PUBLISHED IN MUSLIM WORLD TODAY(calif.) SEP 12, 2008
“Thou shalt not be a victim. Thou shalt not be a perpetrator. Above all, thou shalt not be a bystander”
Holocaust Museum, Washington, DC
Somewhere in the remote region of Baluchistan, a few women are killed and buried, and not necessarily in that order. Their exact number is debatable and the manner of death is still under investigation. If the unofficial version is to be believed, they were buried alive on the whim of the elders, with perhaps just a little backing from some influential quarters. This chilling murder involves antiquated customs which unfortunately, have never gone out of style.
To the bewilderment of the civilized world, this incident goes unnoticed for nearly two months. When the Parliaments Upper House finally asks why, Senator Israrullah Zehri, dismissively shrugs it off as ‘Tradition’ – one of the most powerful and disturbing words in tribal culture. He is not alone for Acting Chairman Senate Jan Muhammad Jamali goes further by advising those ignorant of tribal culture to refrain from debating such issues. Fortunately, the feeling is not mutual and these two Senate members are censured while the rest of the nation is scandalized.
Those who knew that human rights violation is a fairly common phenomenon in this part of the world now understand that it has been with the tacit support of such authority figures all along. And so, these cherished traditions have endured over time and thrive in tribal societies despite the existence of numerous bills supposedly designed to protect women.
While the Senator’s mulish stance has outraged the Senate and shocked the world, 9 years ago, previous resolutions against honor killings had been rejected by the Chairman of the Senate, along with majority of its members on much the same grounds. This time, however, the House has been unanimous in its condemnation, barring the two traditionalists. In such circumstances, the HRC member’s kind suggestion that these two be excluded from Senate appears well justified.
Hasil Bizenjo, VP National Party Baluchistan links this incident to a possible blood feud, for Balouch traditions have never endorsed this extreme form of brutality. But what ever prompted this gruesome act, preliminary findings implicate the Umrani tribe’s jirga and the ruling itself is very much in keeping with tribal laws - what the tribesmen did was simply brutal innovation.

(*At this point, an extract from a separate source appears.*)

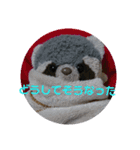 あらいぐまのラッキー（個別スタンプ：10）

Over the years, many bills have been drafted, while some were rejected, others became law and none have been effective to date. The 2005 bill recognizing honor killing as a crime punishable by death was considered to be a major breakthrough, but those who attempted to fix glaring loopholes that allowed culprits to buy pardon, met with strong resistance and the amended version ended up being vetoed by a majority. No wonder thousands are killed and victimized in honour-related crimes every year despite the existence of these protection laws.
For 61 years, our laws have been neither respected nor feared; why should they be when 5 of the 6 convicted in the Mukhtaran Mai case, are not only freed by the Courts, none of them are on death row.
Now that the once iron clad alibi of ‘tradition’ stands exposed as a flimsy pretext to mask decadent practices, this can be used as necessary leverage to bring change in patriarchal sections of society across the country.